▸ Problem to solve: Below are some records. Retype exactly the lines from the one containing "Radiant Backlight Romance: Wedding" through the one containing "back of house", both included, skipping every picture.

▸ Input material:
- Opening Delimiter -

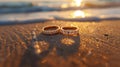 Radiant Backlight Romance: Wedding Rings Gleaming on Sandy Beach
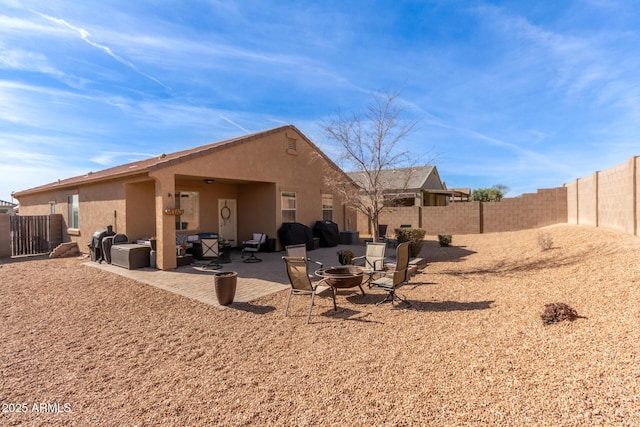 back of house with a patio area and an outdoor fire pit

- Closing Delimiter -
- Opening Delimiter -

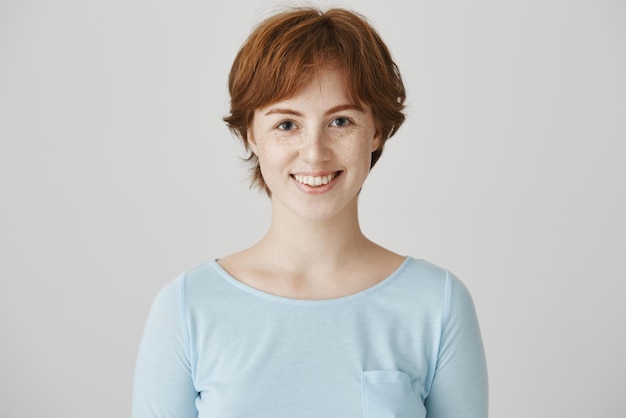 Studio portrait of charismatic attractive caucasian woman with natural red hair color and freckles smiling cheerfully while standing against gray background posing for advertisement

- Closing Delimiter -
- Opening Delimiter -

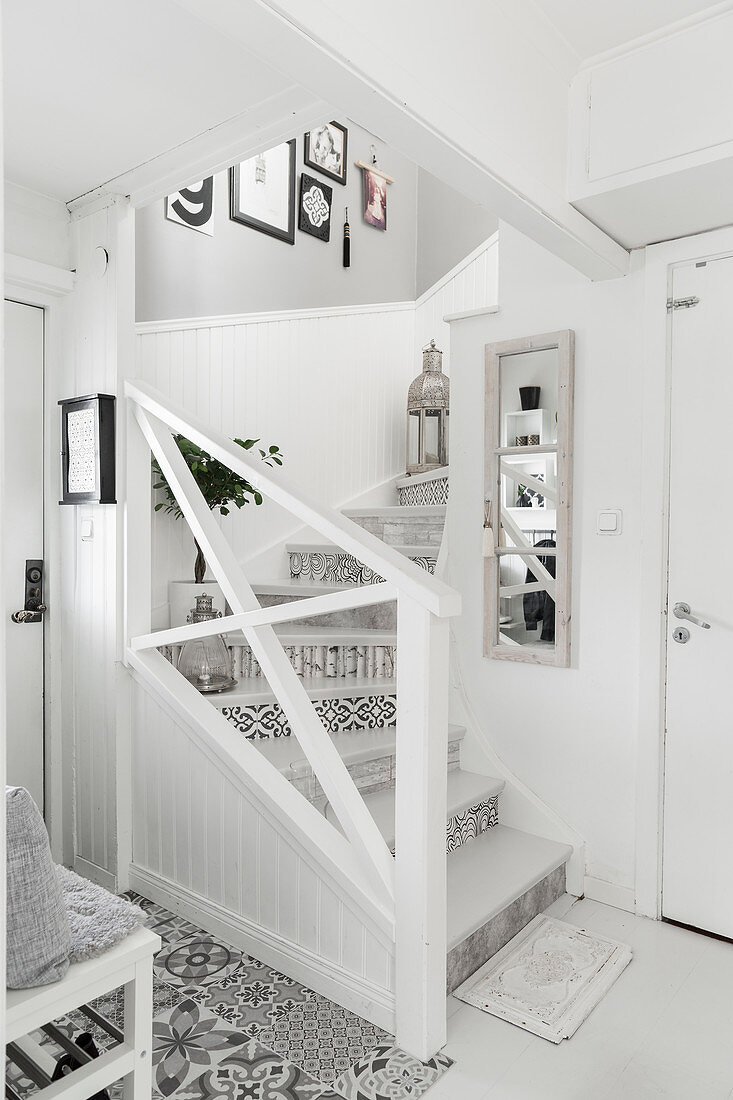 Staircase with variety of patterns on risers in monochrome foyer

- Closing Delimiter -

▸ Written solution:
 Radiant Backlight Romance: Wedding Rings Gleaming on Sandy Beach
 back of house with a patio area and an outdoor fire pit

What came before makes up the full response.